青少年事情と教育を考える 190
子供たちの特別の才能を伸ばす教育とは 2

ナビゲーター:中田 孝誠

 前回、特定の分野に飛び抜けた才能を持つ子供たちが、その才能を伸ばしていくための指導や支援の在り方について、文部科学省の有識者会議が議論を続けていることを紹介しました。

 有識者会議が行ったアンケート調査によると、子供たちが授業で周囲に合わせるよう言われたり、同級生と話が合わないなど、悩んでいる例も少なくありません。

 それに対して、保護者や教師は次のような支援が有効だったと述べています。

・自己肯定感が低いので、自信をつけさせる声掛け。

・正しい答えだけでなく、「なぜ、そのように考えるのか」という考え方を先生が発表させてくれて、クラスが非常に楽しかった。

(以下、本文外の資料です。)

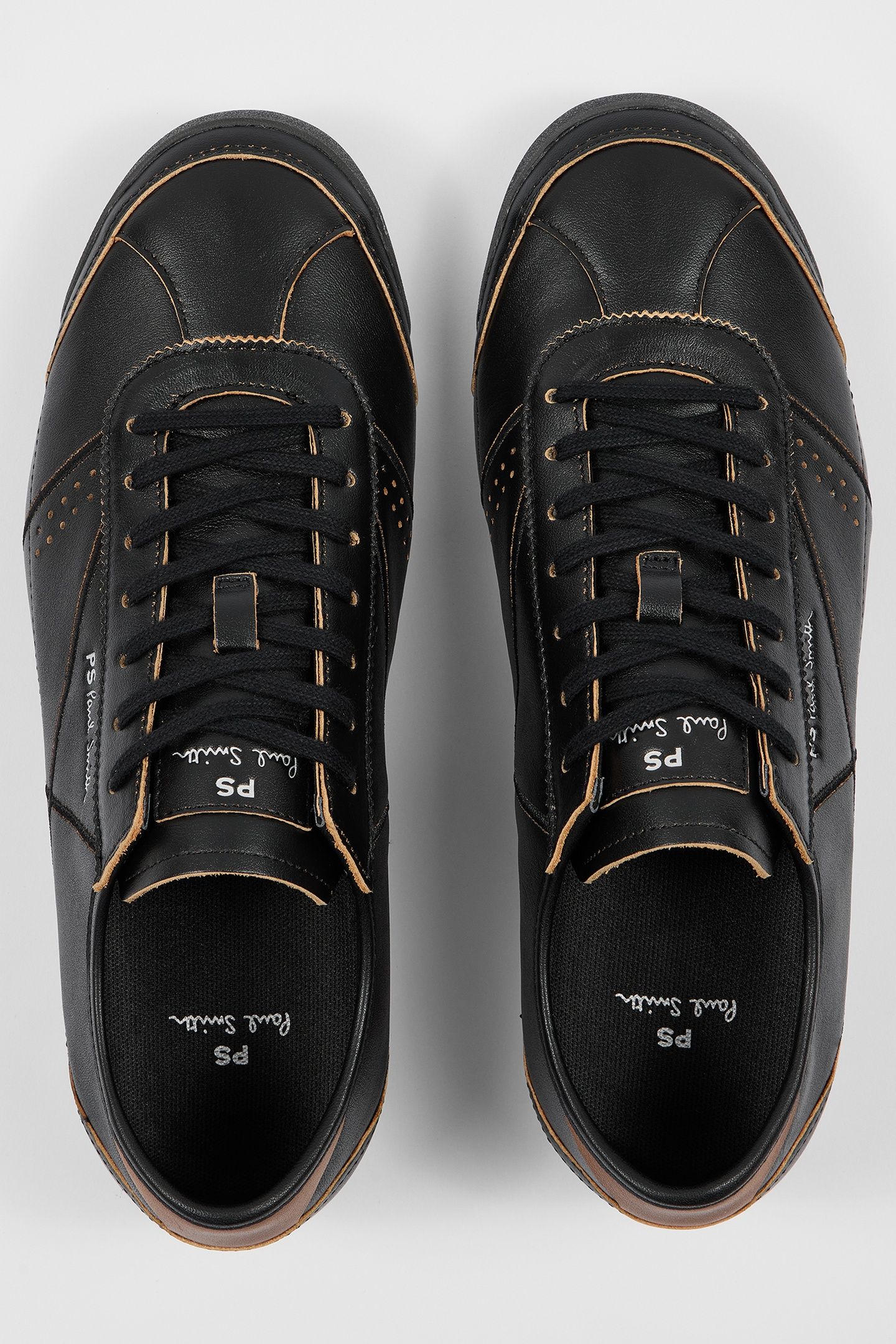 MENS SHOE MESTRE BLACK BLACK 8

・担任の先生が一緒に授業をすることを提案してくれて、授業展開や内容などを先生と一緒に考えた。その成功体験で自信がついた。

・暇になってしまう時間に、他の生徒を助けさせるなど役割を与えると、授業に前向きに参加できた。

・子供の状況について4年生から担任の理解が得られ、教師との信頼関係を築くことができた。教師のフォローで誤解されることも少なくなり、自信を取り戻した。

・学級の「係」制度で、自分の好きなことを利用してクラスのために貢献することができる。仲間と課外で活動したものを自由に発表させてくれる。

 教師の理解や支援が子供たちの成長を促すことが分かります。
 もちろん学校だけでなく、学校外で適応指導教室や博物館、大学の研究所、民間の学習機関(個別指導塾や珠算塾など)で先生や大学生と一緒に考えたり、自分のレベルに合わせた勉強ができたこと、同じような子供たちと過ごして自分の言葉で話すことができたなど、自信を持てるようになったことが紹介されています。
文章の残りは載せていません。